Allora “Non trovi persone, ma soltanto la loro immagine, il loro spettro, trovi i bacelloni, gli ultracorpi, gli ectoplasmi. Nei primi mesi del loro arrivo in città forse no, forse resistono e hanno ancora una consistenza fisica, ma basta un mezzo anno perché si vuotino dentro, perdano lingua e sangue, diventino gusci”.
L’unico obiettivo della gente è sistemarsi ai vertici e rimanerci. “Così la bontà di un uomo politico non si misura sul bene che egli riesce a fare agli altri, ma sulla rapidità con cui arriva al vertice e sul tempo che vi si mantiene…”

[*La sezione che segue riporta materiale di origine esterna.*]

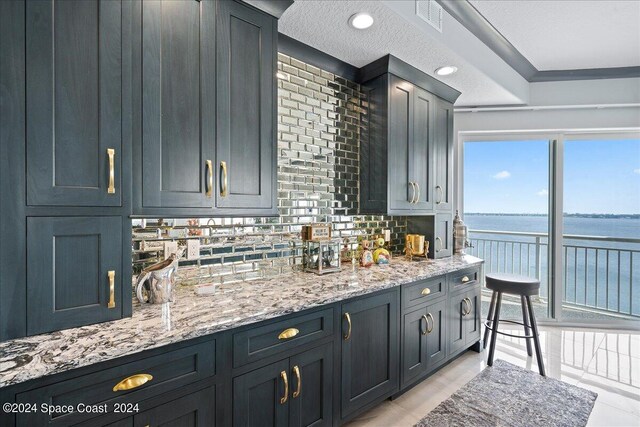 kitchen with light stone countertops, a water view, a textured ceiling, and tasteful backsplash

Anche la nebbia in città è diversa. “E prodotto locale è. Solo non è nebbia. È semmai una fumigazione rabbiosa, una flautulenza di uomini, di camini, è sudore, è puzzo di piedi, polverone sollevato dal taccheggiare delle segretarie, delle puttane, dei rappresentanti, dei grafici…”

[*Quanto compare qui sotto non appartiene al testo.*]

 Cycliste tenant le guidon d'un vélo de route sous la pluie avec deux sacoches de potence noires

Di tutto questo e di altro è intessuto La vita agra. Una negazione della metropoli che in quel lontano 1962 assurge a simbolo di un progresso e di un benessere senza precedenti, ma anche di sé dal momento che in questo ingranaggio rimane incagliato.
Di colpo da oscuro traduttore e scrittore di romanzi di scarso successo si trova al centro della scena culturale milanese. Indro Montanelli gli offre un lavoro al Corriere della Sera per trecentomila lire mensili. Tanti soldi non li ha mai visti, Bianciardi. Rifiuta l’offerta perché il Corriere della Sera dell’epoca sta dalla parte dei vari “Torracchioni” di cui la città è imbastita, ma getta la spugna nell’incomprensione più totale. Alla fine del libro il protagonista dirà: “Poi il sonno è già arrivato e per sei ore io non ci sono più”. La non-esistenza attraverso il sonno per Bianciardi non si riduce solo a una finzione letteraria, ma sarà lo stato mentale che lo accompagnerà sino alla fine della sua vita.